How serious is the entire “circus” being staged by the Institutional Revolutionary Party (PRI) this week when it is traditionally known that in the end it is the President-in-turn’s word that has the final say?
Wednesday and Thursday five different think tanks are defining the party’s platform for the 2018 election basing themselves in an old adage, framed in the 1970s by a now deceased Interior Secretary named Jesús Reyes Heroles, that the life of a political program depend first on its governance program and secondly on the man who is going to run for president next.
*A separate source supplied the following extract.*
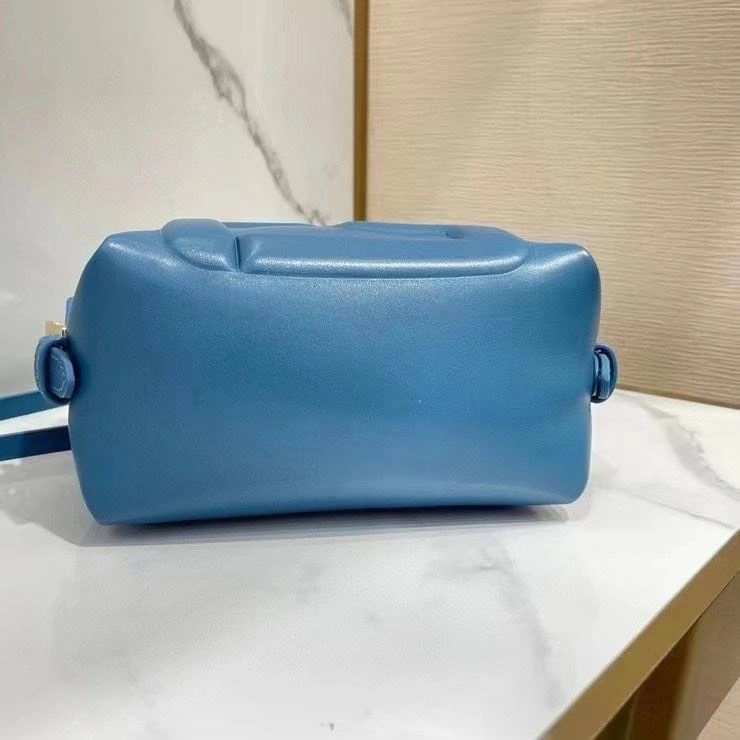 F**di top handle bags 4222c-0720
The five current mini-conventions in five different cities are following this lead and putting together what on Saturday will be presented as the party’s platform for “six more years” after the 2018 presidential elections. The result of the “theme tables” underway will be presented in a summary by President Enrique Peña Nieto next Saturday during the party’s 22nd PRI General Assembly in Mexico City.
In the five cities where the theme tables are being held, there is currently a hit parade of famous Mexican politicos going on and most pundits claim that the two more important ones are in Guadalajara, where PRI will outline its “vision for the future,” and in Campeche, where they may change statutes to allow non-militants to participate as presidential hopefuls in the upcoming campaign.
If we go by what’s going on in these two cities, it’d seem that the center of the most important discussion will be in Campeche. First, President Enrique Peña Nieto was there two days ago inaugurating public works and patting Campeche Gov. Alejandro Rafael Moreno Cárdenas on the back for the good work, and at last telling “Alito” (as Gov. Moreno is nicknamed) to be a great host to the attending members at the PRI mini-convention. “Alito”, of course, is a PRI member.
In this discussion there are two groups who will definitely clash on the way to choose the candidate for president. One of them is led by former Yucatan Gov. Ivonne Ortega and the other by the President’s personal political operator and former PRI Deputy President César Camacho Quiróz.
Camacho Quiróz will be for the tradition to let the President be the man who picks the candidate while Ms. Ortega is part of a group that wants the candidate to be chosen from a broad “deck of cards” to portray to the Mexican people that PRI’s is a people’s candidate.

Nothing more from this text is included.